(MATERIAL PROVIDED)

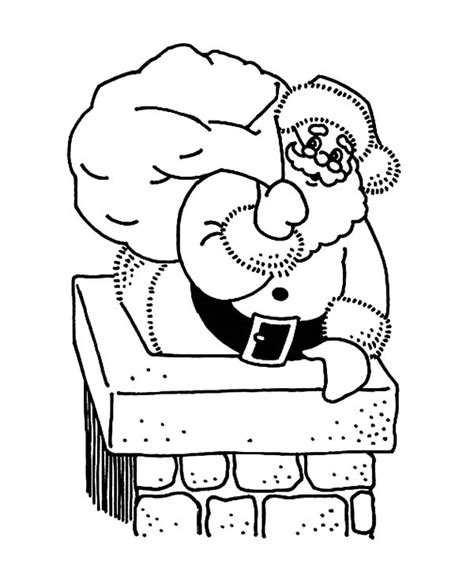 santa claus    house  chimney coloring pages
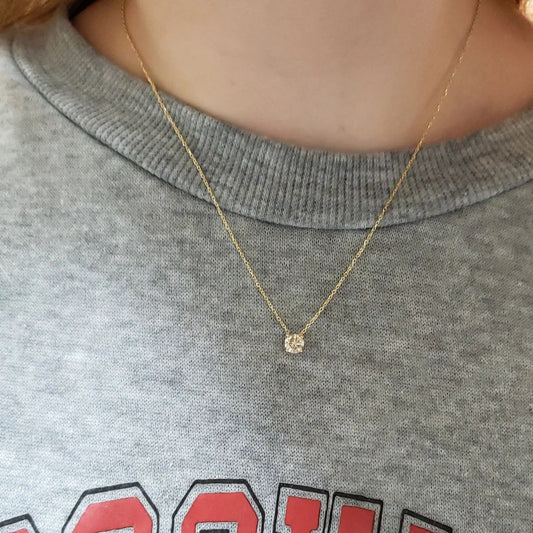 14Kt Gold 0.50 Ct Lab Grown Diamond Pendant Necklace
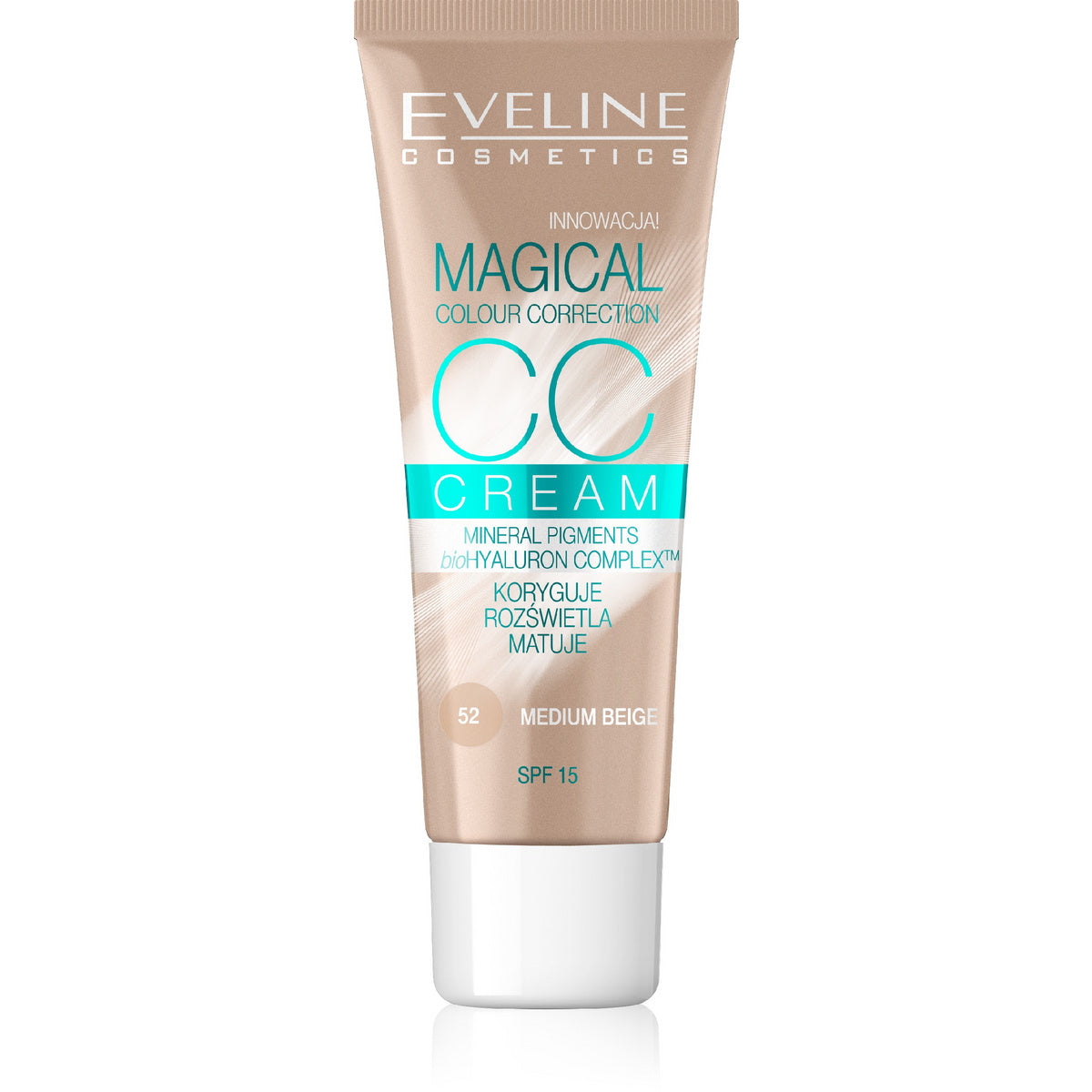 EVELINE Magical Colour Correction CC Multifunkcinis makiažo pagrindas nr 52 Šviesus Bežas 30 ml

(End MATERIAL PROVIDED)

* _WORK ORDER_
Could you give all of the data again exactly as written, omitting any pictures?

* _RESPONSE TO THE EXERCISE_
 santa claus    house  chimney coloring pages
 14Kt Gold 0.50 Ct Lab Grown Diamond Pendant Necklace
 EVELINE Magical Colour Correction CC Multifunkcinis makiažo pagrindas nr 52 Šviesus Bežas 30 ml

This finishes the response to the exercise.